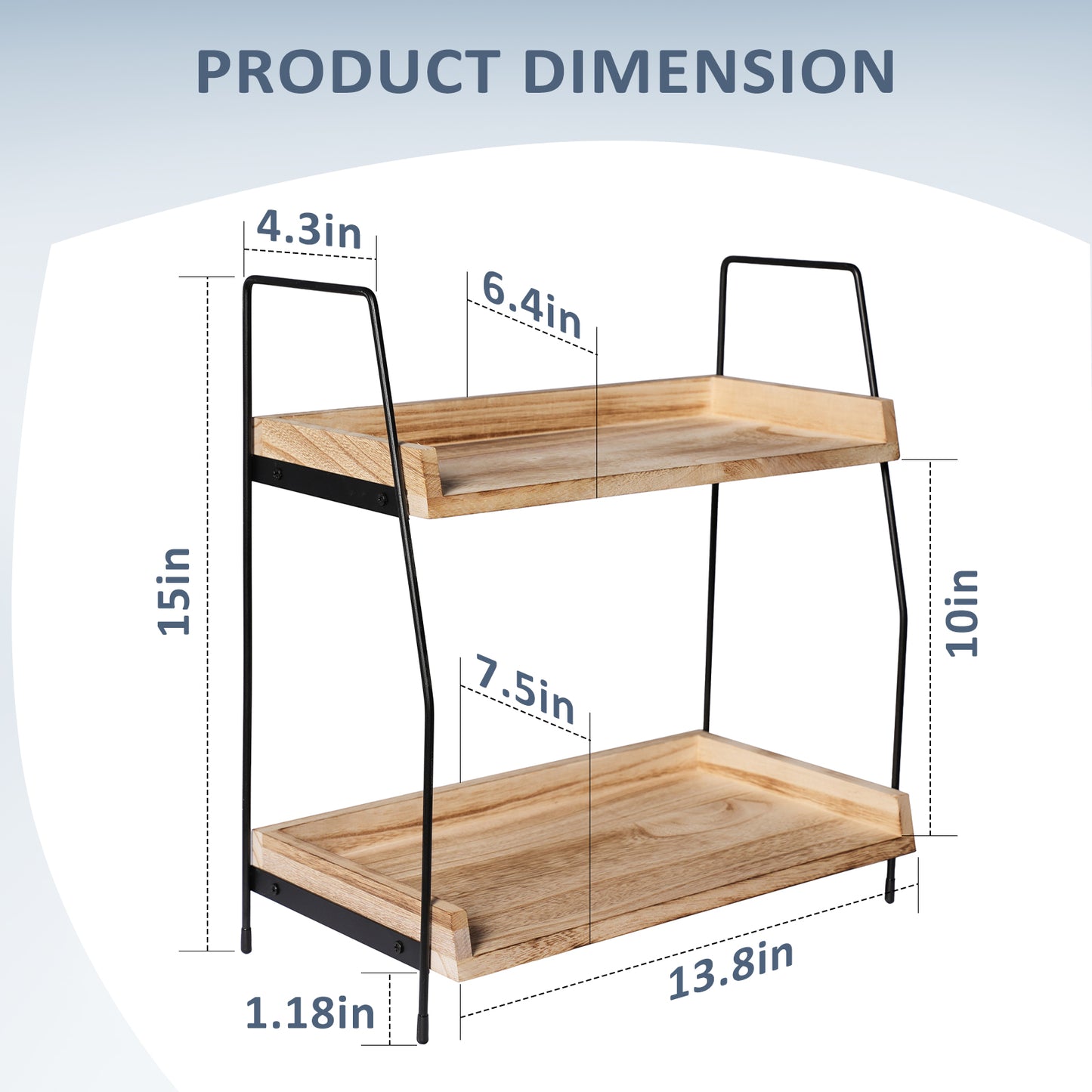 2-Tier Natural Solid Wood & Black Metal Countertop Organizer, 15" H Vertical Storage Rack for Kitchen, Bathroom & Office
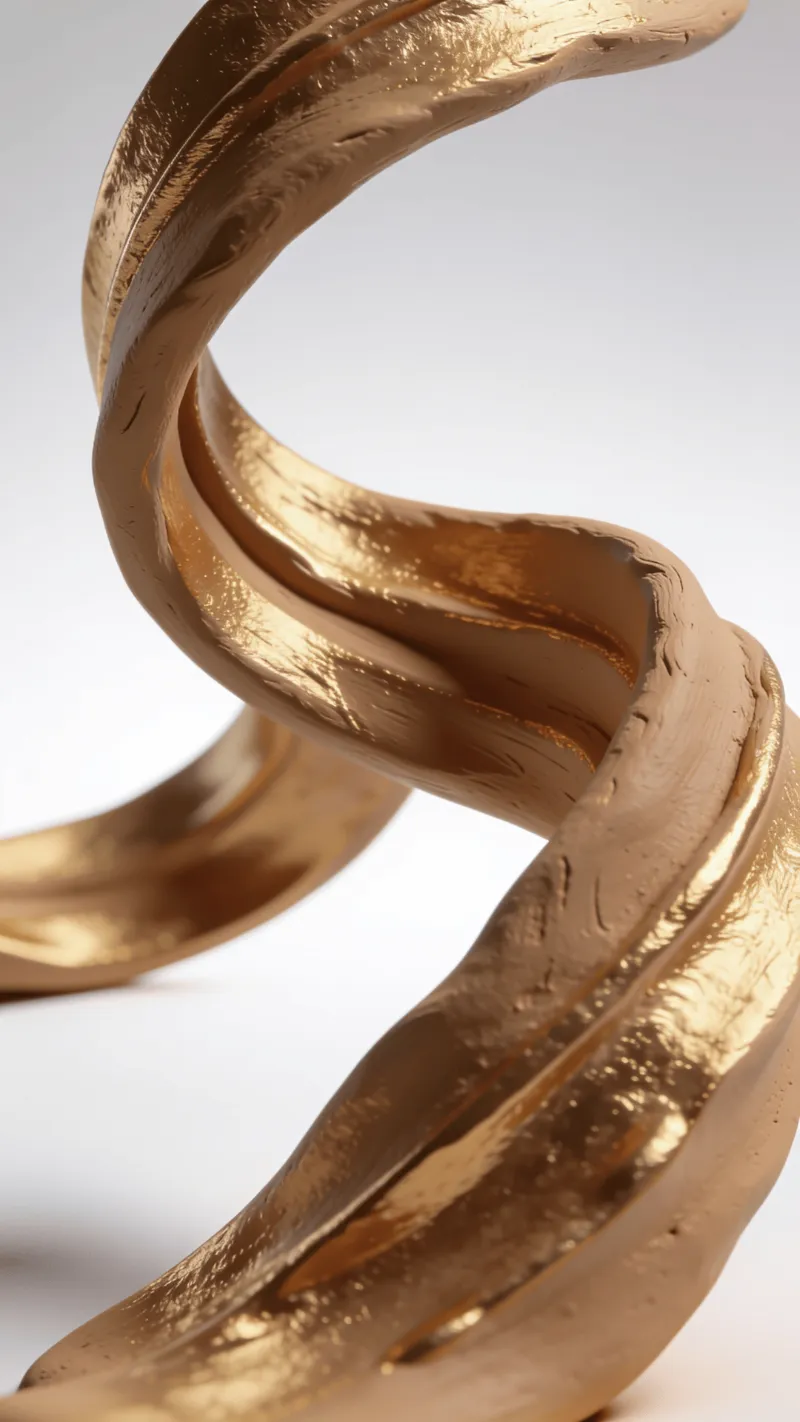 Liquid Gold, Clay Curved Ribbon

==

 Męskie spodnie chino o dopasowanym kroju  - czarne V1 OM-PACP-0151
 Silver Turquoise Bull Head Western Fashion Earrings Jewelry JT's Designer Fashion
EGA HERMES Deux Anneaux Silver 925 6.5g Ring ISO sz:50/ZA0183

...

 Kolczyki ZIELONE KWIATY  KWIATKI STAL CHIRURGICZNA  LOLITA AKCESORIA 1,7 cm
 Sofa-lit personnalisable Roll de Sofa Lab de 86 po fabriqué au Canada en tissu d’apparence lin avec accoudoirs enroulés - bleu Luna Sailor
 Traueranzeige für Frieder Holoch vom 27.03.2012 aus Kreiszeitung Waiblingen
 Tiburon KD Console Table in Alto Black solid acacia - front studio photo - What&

> _What this task involves_
Output the lines above exactly, but only those between the line holding "Sofa-lit personnalisable Roll" and the line holding "Tiburon KD Console", inclusive.

> _Exercise response_
 Sofa-lit personnalisable Roll de Sofa Lab de 86 po fabriqué au Canada en tissu d’apparence lin avec accoudoirs enroulés - bleu Luna Sailor
 Traueranzeige für Frieder Holoch vom 27.03.2012 aus Kreiszeitung Waiblingen
 Tiburon KD Console Table in Alto Black solid acacia - front studio photo - What&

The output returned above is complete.